L'Espagne qualifie la menace de Trump de rompre tout commerce de « prévisible » après son attaque au sommet de l'OTAN
Le gouvernement espagnol a réagi avec calme après que le président Donald Trump a menacé de rompre tout commerce avec Madrid lors d'un sommet de l'OTAN à Ankara, qualifiant les propos de « prévisibles » et soulignant la solidité des liens bilatéraux.
La première réaction de l'Espagne est venue rapidement après les déclarations de Trump le 8 juillet 2026 au sommet de l'OTAN à Ankara, où il a déclaré aux journalistes et au secrétaire général de l'OTAN, Mark Rutte, qu'il avait ordonné au secrétaire au Trésor Scott Bessent d'examiner la rupture de toutes les relations commerciales avec Madrid.

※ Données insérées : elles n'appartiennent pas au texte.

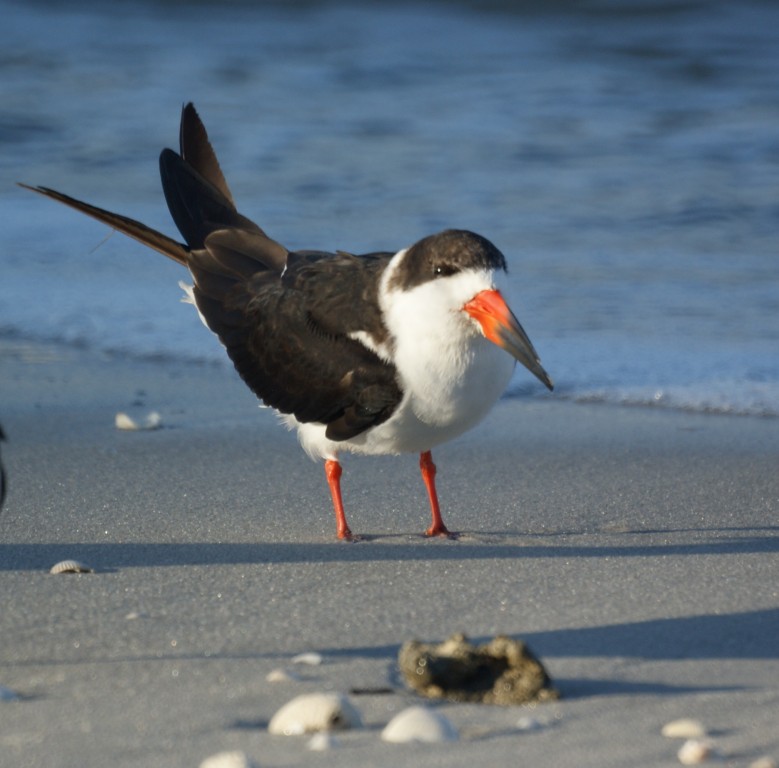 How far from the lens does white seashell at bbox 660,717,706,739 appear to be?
2.49m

La sortie de Trump à Ankara
Lors d'une apparition conjointe avec Rutte, Trump a qualifié l'Espagne de « terrible partenaire de l'OTAN » et a déclaré : « Nous ne voulons plus faire affaire avec l'Espagne. Ils ne participent pas, ils ne paient pas. » Il a ensuite ajouté : « Rompre toutes les transactions commerciales avec l'Espagne, y compris les visites, regardez-les revenir en courant », et a qualifié les Espagnols de « mauvaises gens » tout en exhortant Rutte à ne pas s'engager avec Madrid.
Je ne veux plus faire affaire avec eux. Rompez toutes les transactions commerciales avec l'Espagne, y compris les visites. Regardez-les revenir en courant.

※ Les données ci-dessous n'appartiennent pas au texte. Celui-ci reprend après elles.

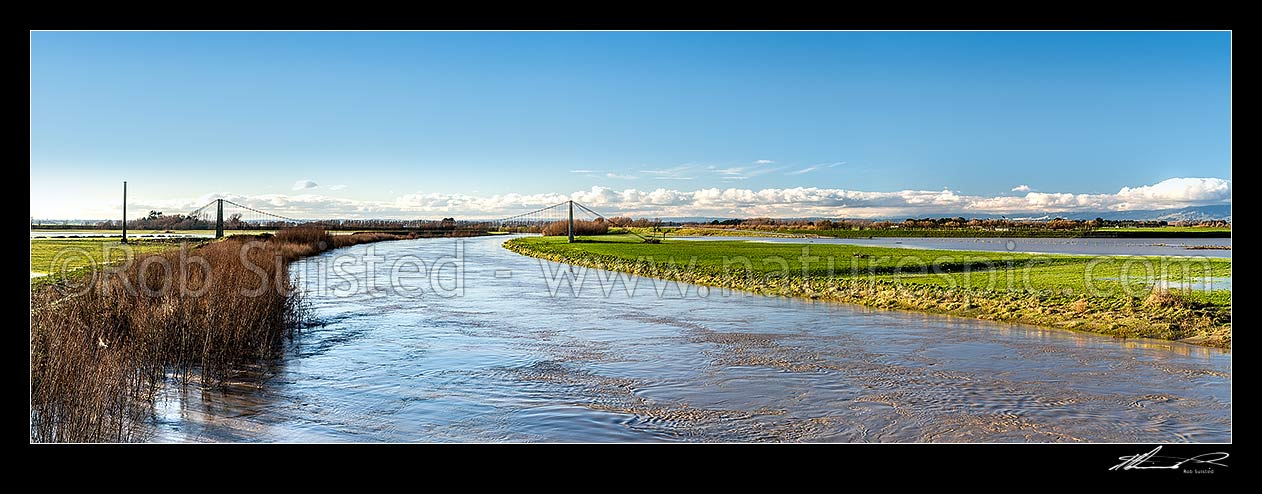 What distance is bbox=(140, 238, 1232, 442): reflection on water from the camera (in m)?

La réponse mesurée de Madrid
Le cabinet du Premier ministre Pedro Sánchez a publié une déclaration indiquant que l'Espagne « accueille ces déclarations avec calme et sérénité » et les considère comme « une affaire courante ». Le gouvernement a souligné que « notre pays entretient d'excellentes relations sociales, culturelles et économiques avec les États-Unis, et nous n'avons pas l'intention que cela change. »
Notre pays entretient une excellente relation sociale, culturelle et économique avec les États-Unis, et nous n'avons pas l'intention que cela change.

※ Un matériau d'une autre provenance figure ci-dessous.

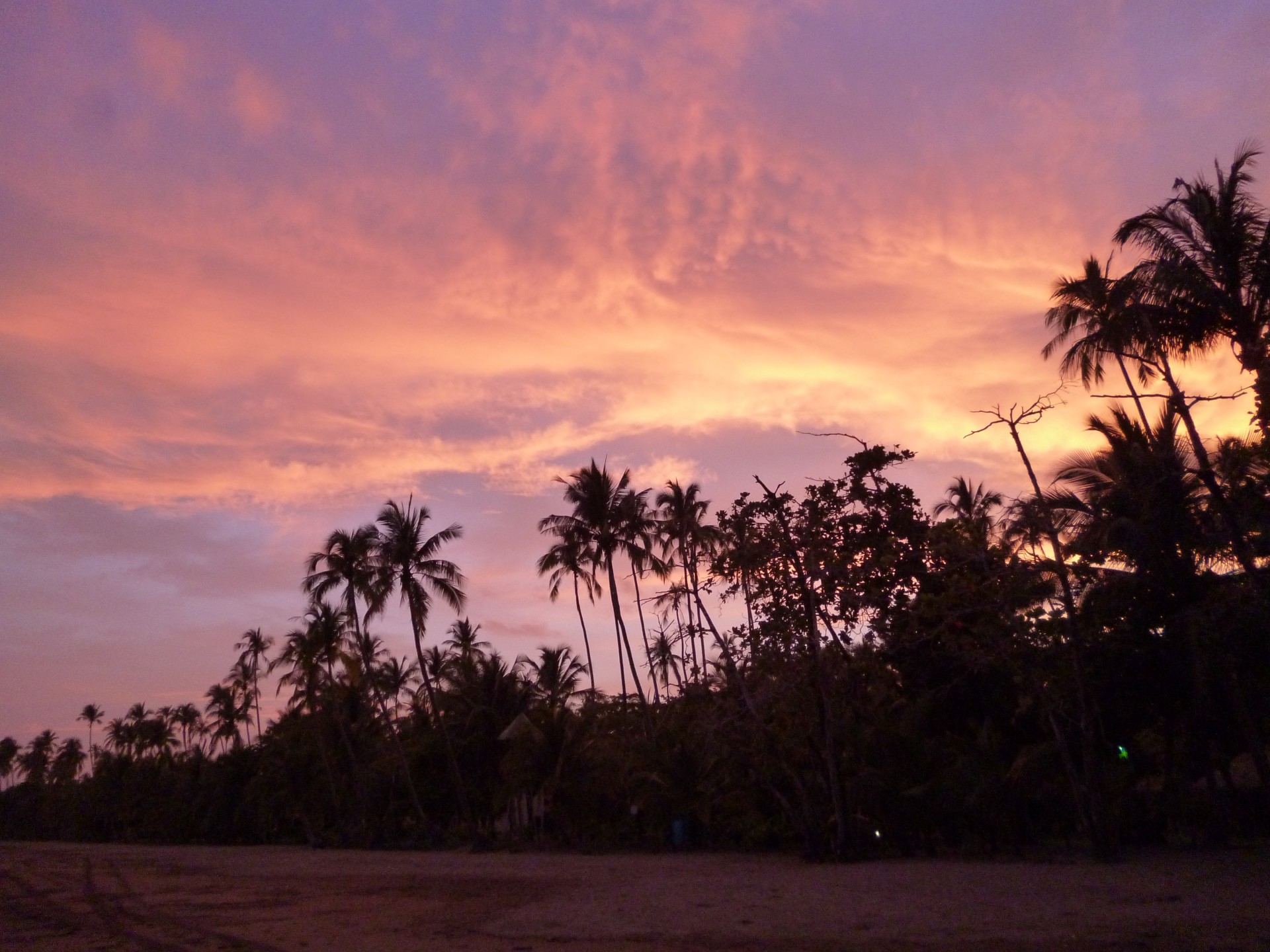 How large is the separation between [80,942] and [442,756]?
2307 cm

Les responsables espagnols ont en outre noté que les États-Unis réalisent en réalité un excédent commercial avec l'Espagne, que l'UE est une union commerciale où aucun membre ne peut être isolé, et que les liens bilatéraux sont bénéfiques tant sur le plan commercial que défensif.
Le différend sur les dépenses de défense
Cette altercation trouve son origine dans la pression de longue date exercée par les États-Unis sur les alliés européens pour qu'ils augmentent leurs budgets de défense. L'Espagne est le seul membre de l'OTAN qui ne s'est pas engagé l'année dernière à consacrer 5 % de son PIB à la défense d'ici 2035. Pendant la guerre en Iran, Madrid a également refusé d'autoriser Washington à utiliser son espace aérien ou ses bases, y compris la base navale de Rota et la base aérienne de Morón.
Le gouvernement espagnol a maintenu une posture discrète tout au long de l'épisode, insistant sur le fait que sa relation stratégique avec Washington reste intacte et que les liens économiques sont tissés par les entreprises privées, et non par les gouvernements.